TASK TO CARRY OUT: Give an unaltered copy of the listing below, minus its pictures.

RECORDED INFORMATION:
>>>>>

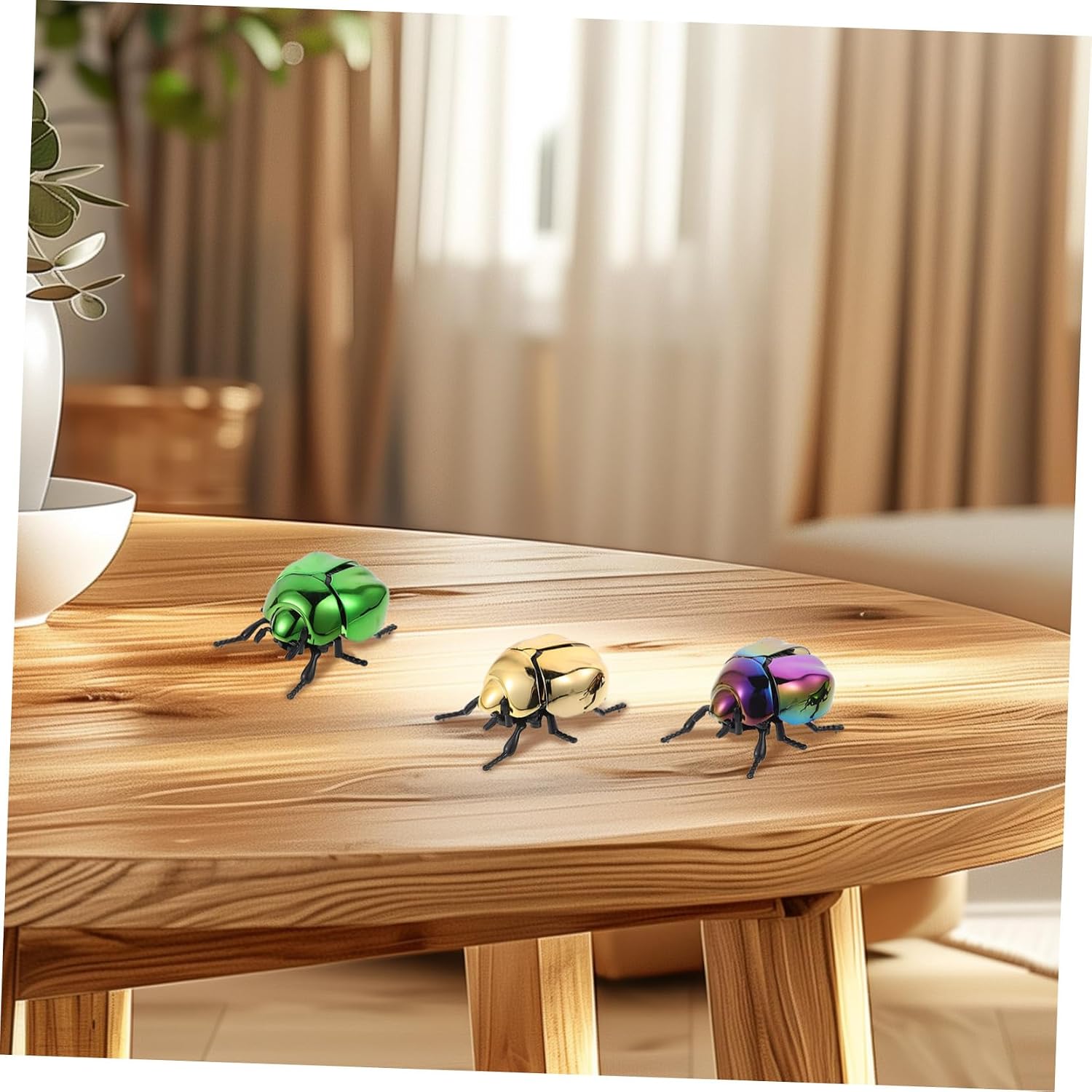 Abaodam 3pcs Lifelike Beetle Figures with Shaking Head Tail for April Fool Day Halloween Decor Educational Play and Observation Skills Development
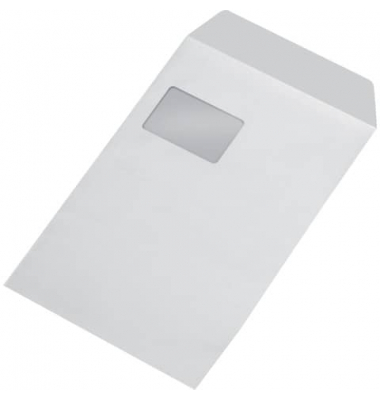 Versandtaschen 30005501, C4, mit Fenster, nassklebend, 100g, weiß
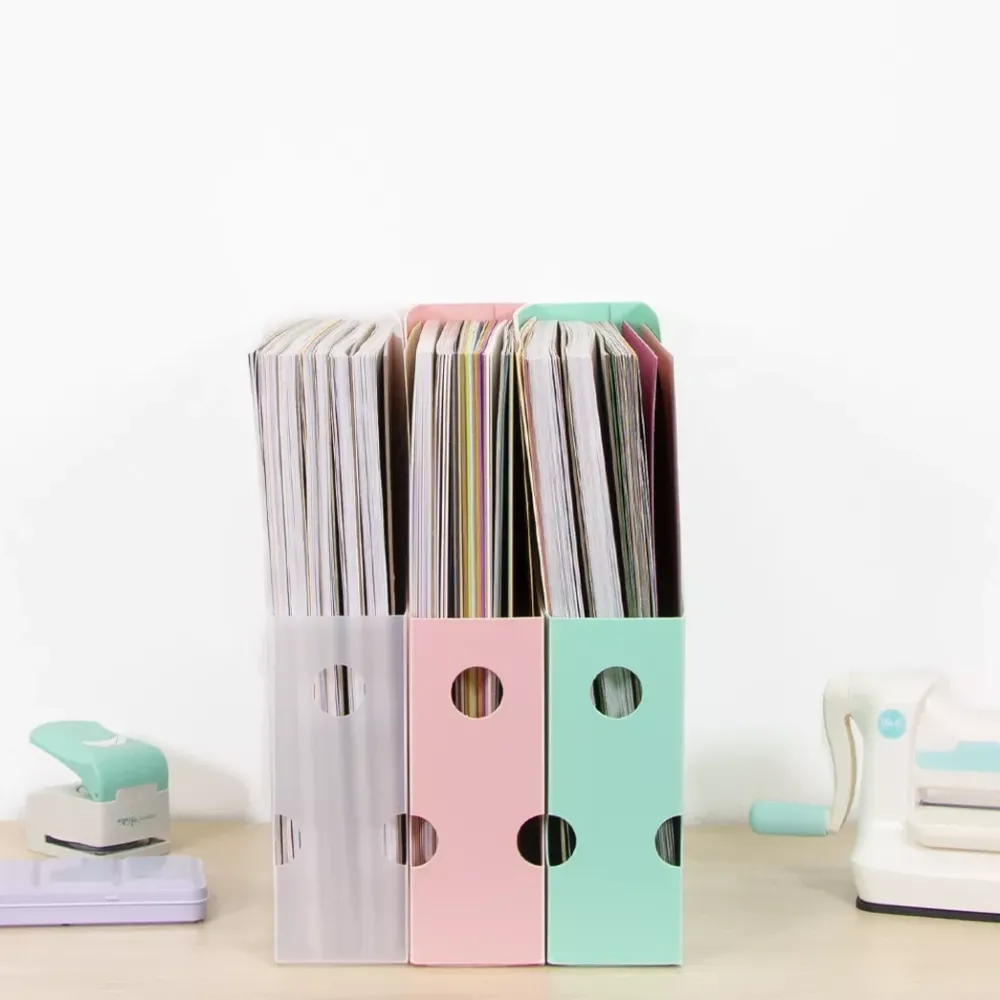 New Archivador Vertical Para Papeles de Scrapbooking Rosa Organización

<<<<<

RESULT OF THIS EXERCISE:
 Abaodam 3pcs Lifelike Beetle Figures with Shaking Head Tail for April Fool Day Halloween Decor Educational Play and Observation Skills Development
 Versandtaschen 30005501, C4, mit Fenster, nassklebend, 100g, weiß
 New Archivador Vertical Para Papeles de Scrapbooking Rosa Organización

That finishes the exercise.